PROBLEM: Copy all records verbatim, images excluded.

EXCERPTED DATA:
..............................

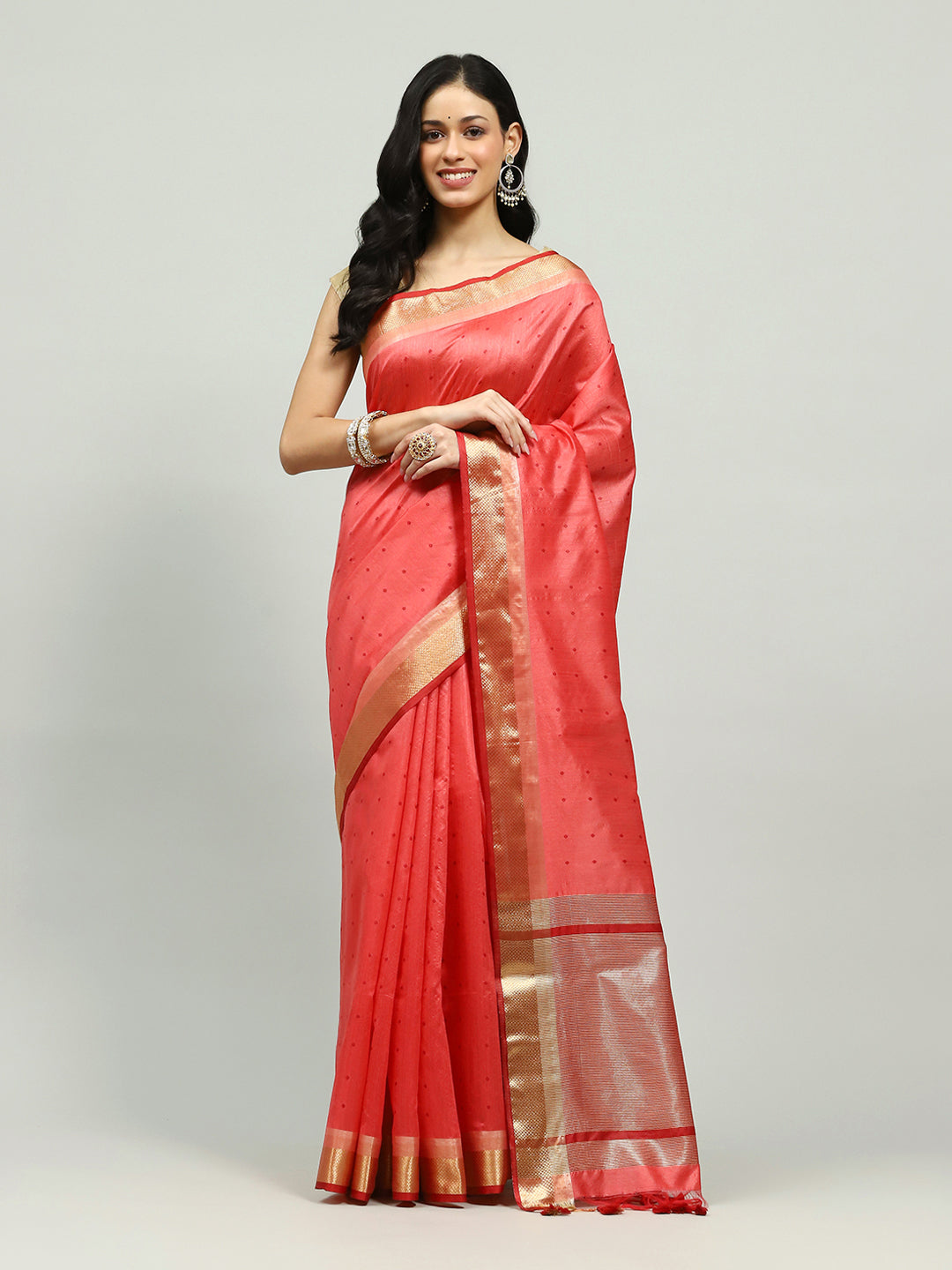 Embroidered Border Booti Art Silk Saree
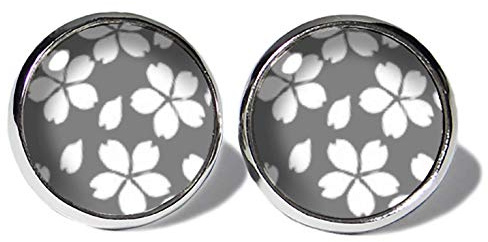 Sakura Grau Ohrstecker ABOUKI Damen Mädchen Kind Kinder Edelstahl Ohrschmuck Motiv japanische Kirsch-Blüten Blumen handgefertigte Ohrringe silber-farben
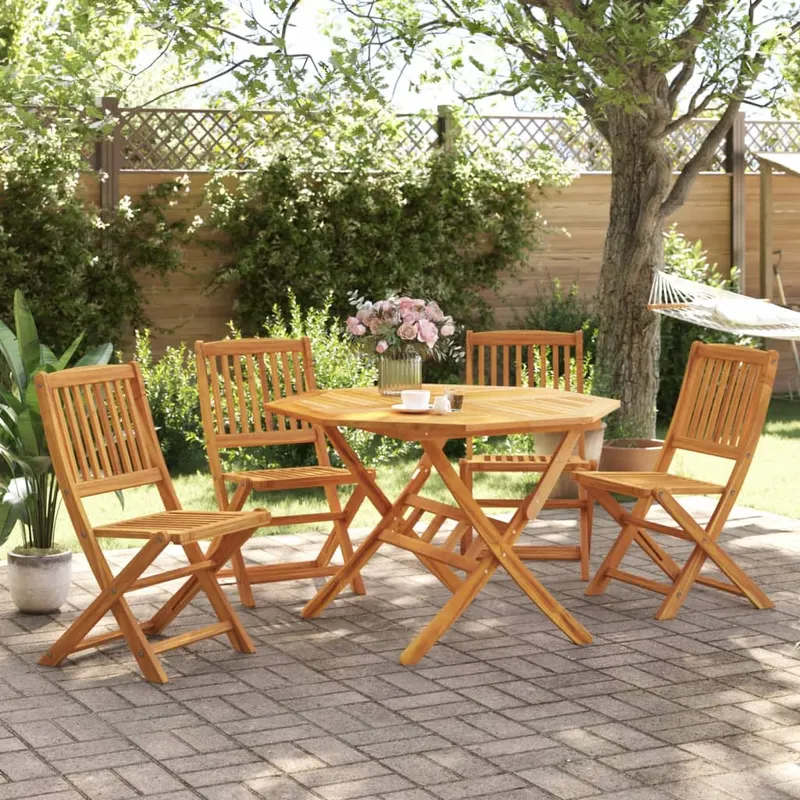 set mobilier de gradina pliabil, 5 piese, lemn masiv de acacia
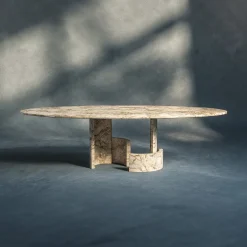 Tavolo da pranzo ovale in marmo beige CC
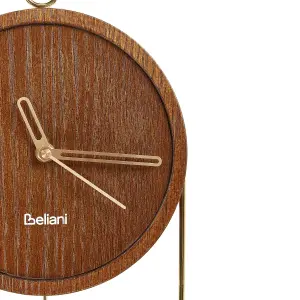 Beliani Retro Wall Clock SIERRE Dark Wood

..............................

ANSWER TO THE EXERCISE:
 Embroidered Border Booti Art Silk Saree
 Sakura Grau Ohrstecker ABOUKI Damen Mädchen Kind Kinder Edelstahl Ohrschmuck Motiv japanische Kirsch-Blüten Blumen handgefertigte Ohrringe silber-farben
 set mobilier de gradina pliabil, 5 piese, lemn masiv de acacia
 Tavolo da pranzo ovale in marmo beige CC
 Beliani Retro Wall Clock SIERRE Dark Wood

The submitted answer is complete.